When you think of Parisian food, one of the first things that comes to mind is (or at least should be) crêpes. West Country Girl is serving them almost exclusively from a menu that's split along traditional savory & sweet lines. Despite the casual food, the restaurant itself is surprisingly intimate, thanks to its connected rooms with small, candlelit tables and framed artwork-adorned walls.
Located only a few blocks from the Louvre, La Taverne de l'arbre Sec is a St. Honoré spot that specializes in traditional French cuisine. So if you're looking to dig into filet mignon, steak tartare, and/or côte de boeuf, this is the place for you.
Rue des Rosiers has a number of places that claim to have Paris' best falafel, but we'll let the fact that L'as du Fallafel is the only one with a seemingly endless line speak for itself. This famous Marais spot serves up enviable pita sandwiches with freshly fried falafel, requisite creamy hummus, mild pickled red cabbage, fried eggplant, and more. The real L'As experts know to order french fries on top of their mass of chickpeas and veggies.
In what is surely good news for you, this spot is not the home of the Baltimore Robin Hood we all came to love on HBO. Instead, Chez Omar is practically a Parisian institution at this point. It's occupied its Rue de Bretagne spot for years now, serving up tons of traditional Moroccan food alongside a decent amount of French fare, too. Although it doesn't do reservations, you should definitely be willing to wait solely for Chez Omar's amazing couscous.

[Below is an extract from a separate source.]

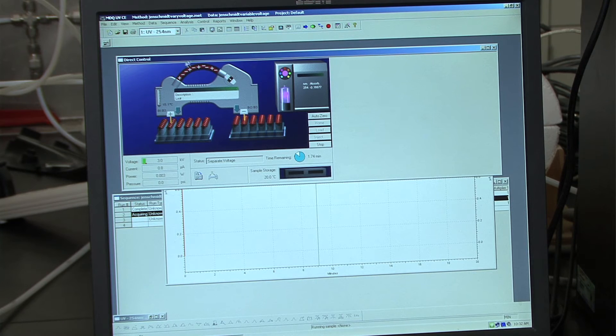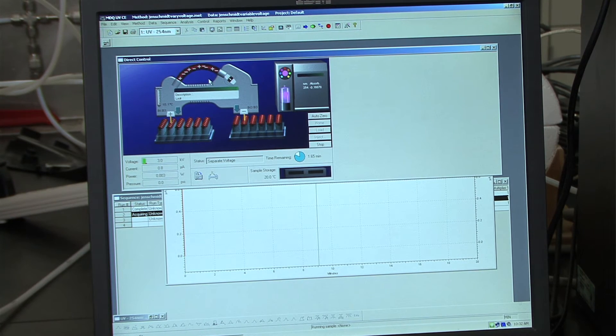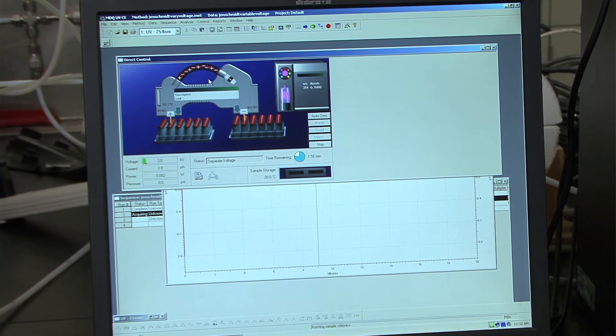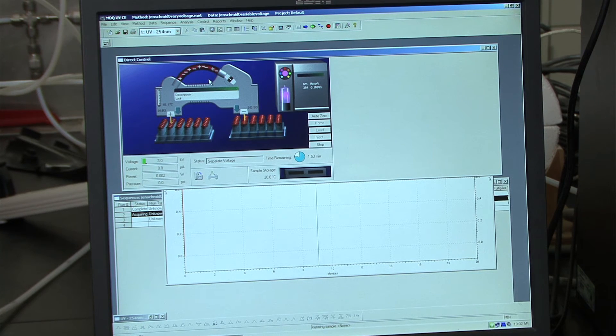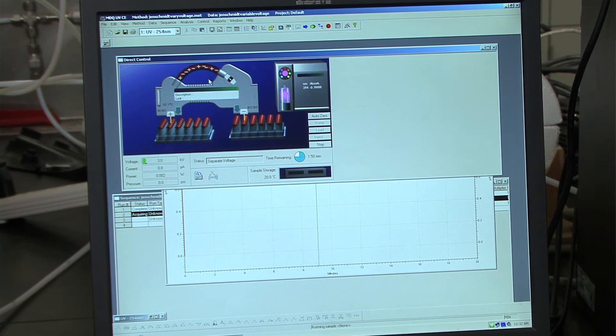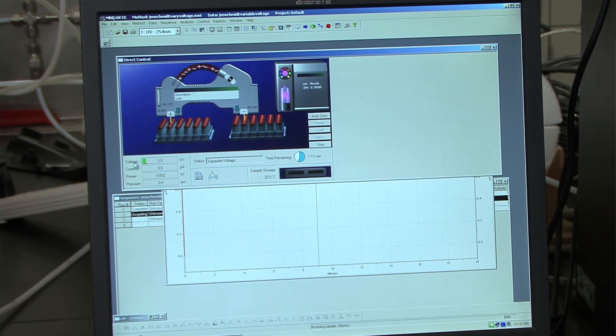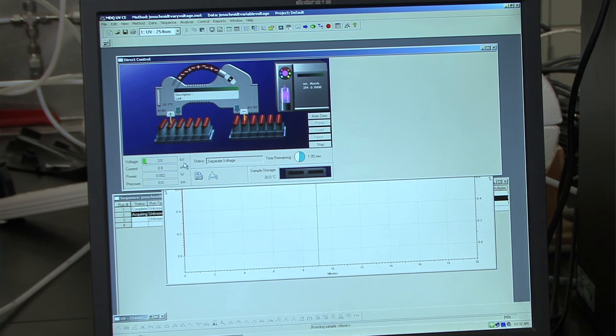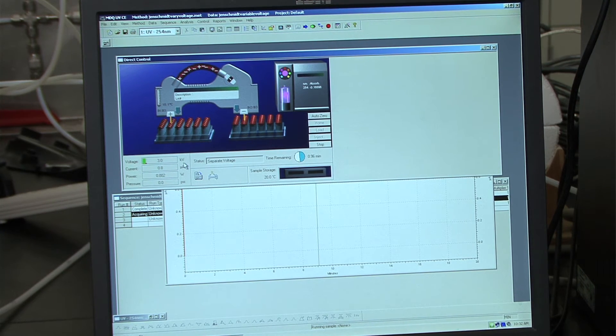As you notice, you see some charges here in the capillary. And this indicates the separation of charges that are present in your sample. If you notice here, the voltage is at 3 kilovolts. And if you recall back to your method, that is the first voltage parameter that was tested.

Just because you're in Paris doesn't mean you can't fill up on the Italian staple that is pizza. Al Taglio is serving up what may be the best slice in the city, but they do things a little differently in France: in this restaurant, in the heart of Popincourt village, you'll be eating your 'za in square form. (The name of the place is named for the style in which the pizza is baked.) But while the shape may be different from your usual style, the flavors are still all there, which you'll be assured of when you order any of their delicious offerings, which include margherita, prosciutto parma, and one that's topped with potatoes and truffle cream.
Lao Siam is located at the top of a hill in the Belleville district, but you shouldn't be put off by the decent trek it takes to get there -- others certainly aren't, which is clear by the seemingly ever-present line outside this restaurant. If you're looking for traditional Laotian, Chinese, and Thai food, this is the place for you, where you'll get delicious plates of grilled calamari, pineapple fried rice with squid, and loads of curry.
Despite its name, The Beef Club is not a place where rappers gather to air out their issues with one another. Instead, this place is an amazing steakhouse a few blocks from the Louvre that occupies a former butcher shop. The restaurant is run by the guys behind the Experimental Cocktail Club and inspired by a farm-to-table ethic, a dedication reflected in the fact that all the meat comes from a celebrated farm in Yorkshire that has what many consider the world's best cattle. The high-quality meat forms the base of a killer menu that includes entrecôte, beef tenderloin, sirloin, and more. And just in case you're not enticed yet, be sure to check out the hidden ballroom and cocktail bar on the floor below.